Investment in Hotel Properties. Hotel properties are recorded at cost and are depreciated using the straight-line method over estimated useful lives of the assets of 5 and 30 years for furniture, fixtures and equipment, and buildings and improvements, respectively. Upon disposition, both the assets and accumulated depreciation accounts are relieved and the related gain or loss is credited or charged to the income statement. Repairs and maintenance costs of hotel properties are paid by the lessees.
The Company evaluates long-lived assets for potential impairment by analyzing the operating results, trends and prospects for the Company and considering any other events and circumstances that might indicate potential impairment.
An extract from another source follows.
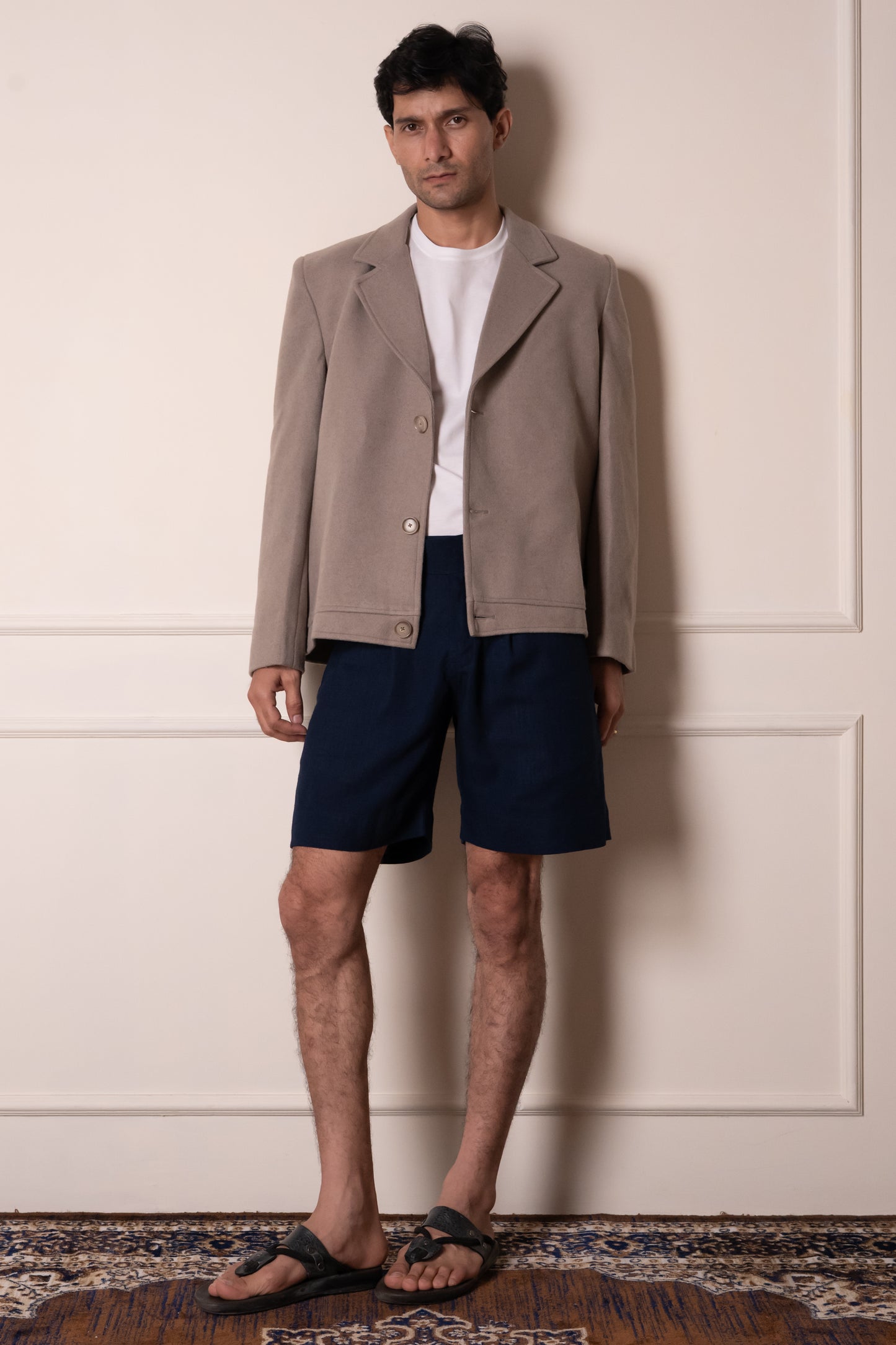 Navy Linen Blend Executive Shorts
Investment in Joint Venture Properties. Investment in joint venture properties consists of the Company’s direct cash or land contributions to the joint ventures as well as capitalized internal costs of services provided by the Company during the development stage. These internal costs are capitalized at 49%, which represents the Company’s ownership interest in each joint venture, with the remaining 51% expensed. The Company provides development, purchasing and, upon opening of the hotel, on-going asset management services to the joint ventures. The Company receives fees for these services, 49% of which are recognized as a reduction in the investment in joint venture properties, and 51% of which are recognized as revenue.
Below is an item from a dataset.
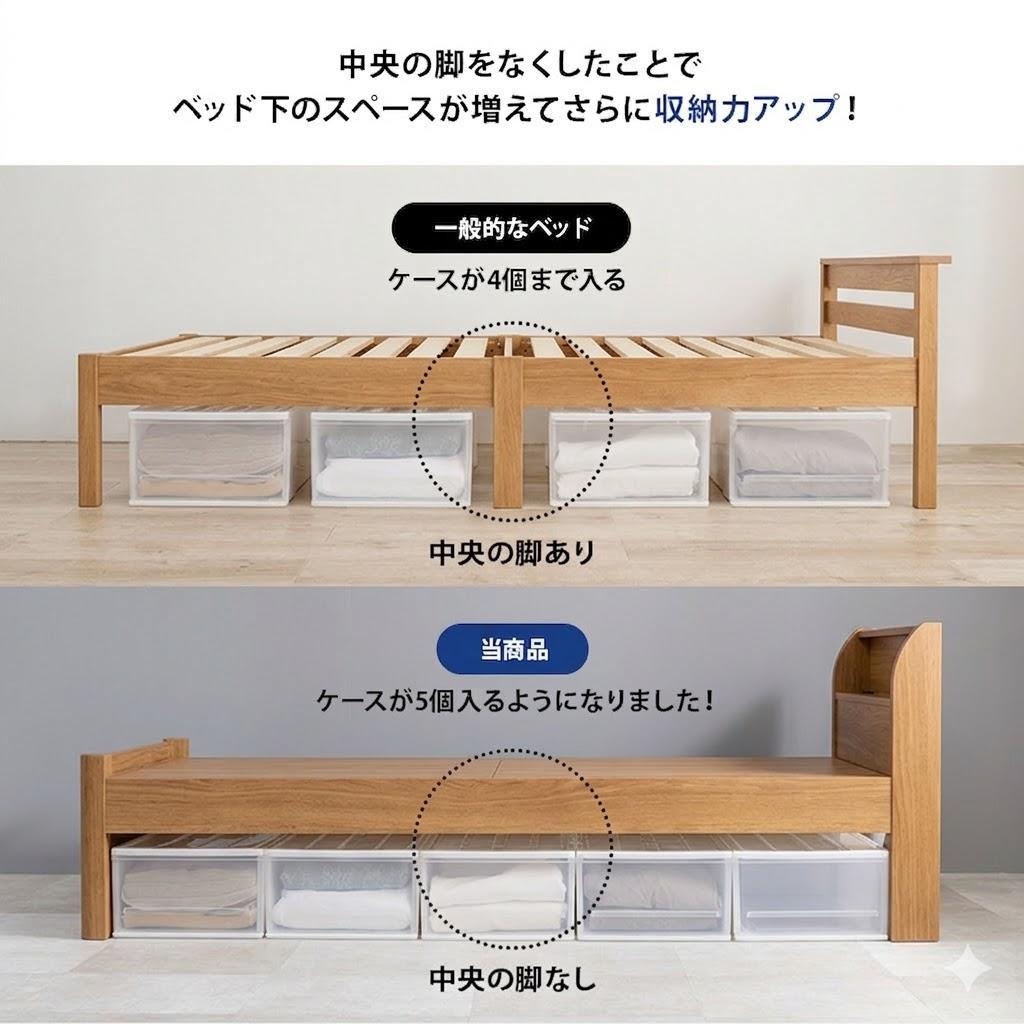 【新品】3分で完成！高さ調整OK 天然木風すのこベッド シングル コンセント付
Revenue Recognition and Impact of SAB 101. Staff Accounting Bulletin No. 101 ("SAB 101") was issued by the Securities and Exchange Commission in December 1999 and adopted by the Company effective January 1, 2000. SAB 101 requires that a lessor not recognize contingent rental income until annual specified hurdles have been achieved by the lessee. During 1999 and prior years, consistent with industry practice, the Company recognized contingent rentals throughout the year since it was considered probable that the lessee would exceed the annual specified hurdles. SAB 101 materially impacts the Company’s revenue recognition on an interim basis, effectively deferring the recognition of revenues from its leases from the first and second quarters of the calendar year to the third and fourth quarters. SAB 101 also impacts the Company’s revenue recognition on an annual basis, but to a much less degree as seven of the leases of the Company’s current 49 hotels have fiscal year ends which differ from the Company’s fiscal year end of December 31. The Company accounted for SAB 101 as a change in accounting principle effective January 1, 2000, and recognized the related deferred revenue during 2000. SAB 101 has no impact on the Company’s interim or annual cash flow from its third party lessees, and therefore, on its ability to pay dividends. In accordance with the provisions of SAB 101, the Company has not restated the 1999 or prior years’ financial statements.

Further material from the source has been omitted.